Shadows of the Damned composer sounds off

EA revealed Grasshopper Manufacture's Shadows of the Damned at its pre-TGS event earlier today -- and it was about Damned time. We cornered one of the "Video Game Band" members, composer Akira Yamaoka, to discuss his role creating music and sound for the "psychological action thriller." We also discuss his old gig at Konami and how he feels about passing the Silent Hill torch (at least for now).

Joystiq: Were you excited to have your new music premiere in the trailer this evening?

Akira Yamaoka: Very exciting, yes.

Were you also nervous about showing your first project outside of Konami?

Not nervous. I was more excited about the project.
For this project, are you just creating music or all the audio?

Not just music. I'm also doing the sound effects and the atmosphere for the whole project.

Has being at Grasshopper added a punk rock edge to your sound?

It hasn't really changed much. But for this project, I want to have my music match the main character, Garcia, because Garcia's very aggressive, powerful; so I'm trying to bring that type of music, that type of sound to the game.

So you're building the music around this main character. Are there any other character traits that inform the music?
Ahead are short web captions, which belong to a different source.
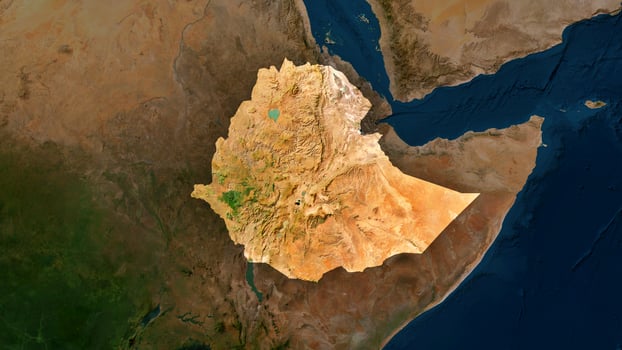4K Ethiopia Territory Map in Africa, High Resolution Satellite View, Widescreen 4K Resolution photo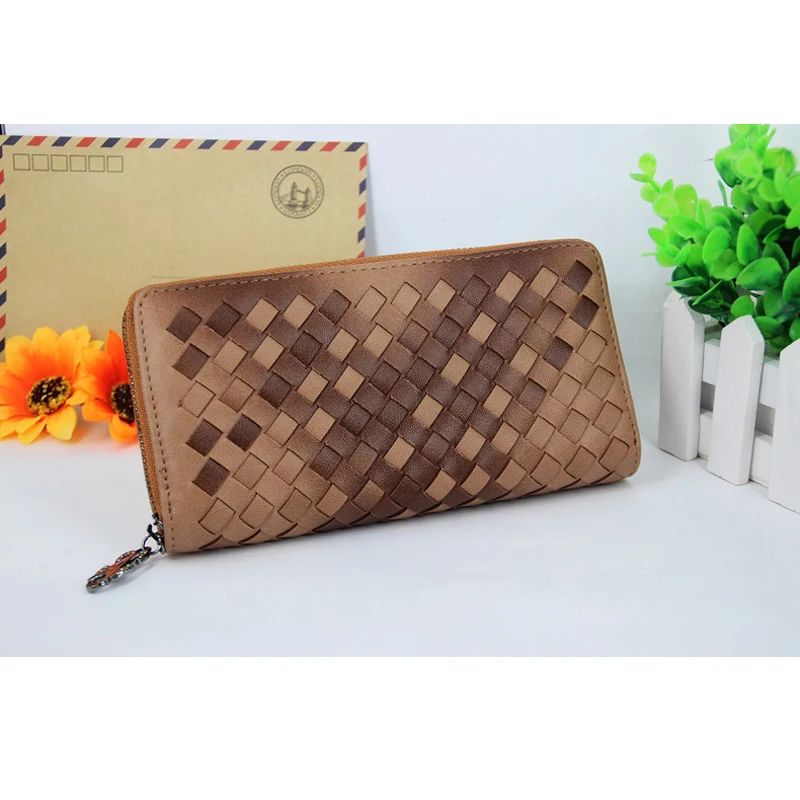 Женские кошельки с модным вязаным узором из искусственной кожи Летний стиль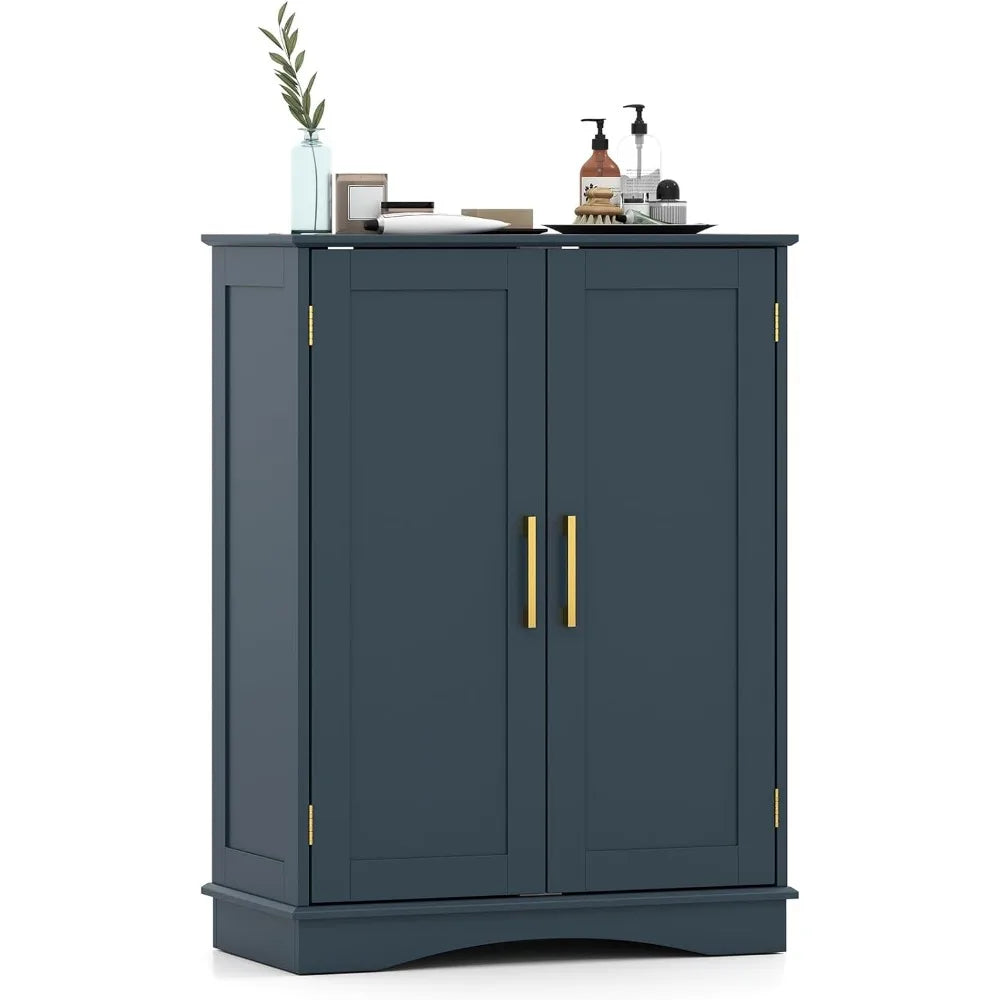Bathroom Storage Cabinet, Modern 31.5 Cupboard w/Adjustable Shelves, 2 Doors, Freestanding Floor Cabinet Storage Organiz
Not just that -- I'm trying to make the music appeal to a worldwide audience, so I'm trying to bring in a lot of different elements to appeal to different people.

There's no one that can top my compositions in Silent Hill. - Akira Yamaoka

What kind of elements do you add for a Western audience?

I wanted to make music that would appeal to fans of horror, but I wanted to match the opinions of the fans around the world with this music. I wanted to appeal to them even if it's not horror they're looking for.

Is there something different about composing for an action game

Composing for action games and horror games is different. The rhythm for each game is different. When you have an action game, you have to have a tempo for your music that will match to the game; where in a horror game you have a lot more atmosphere. It's about the mood and not the tempo.

You're working with Mary Elizabeth McGlynn again this time. What made you decide to work with her on this project?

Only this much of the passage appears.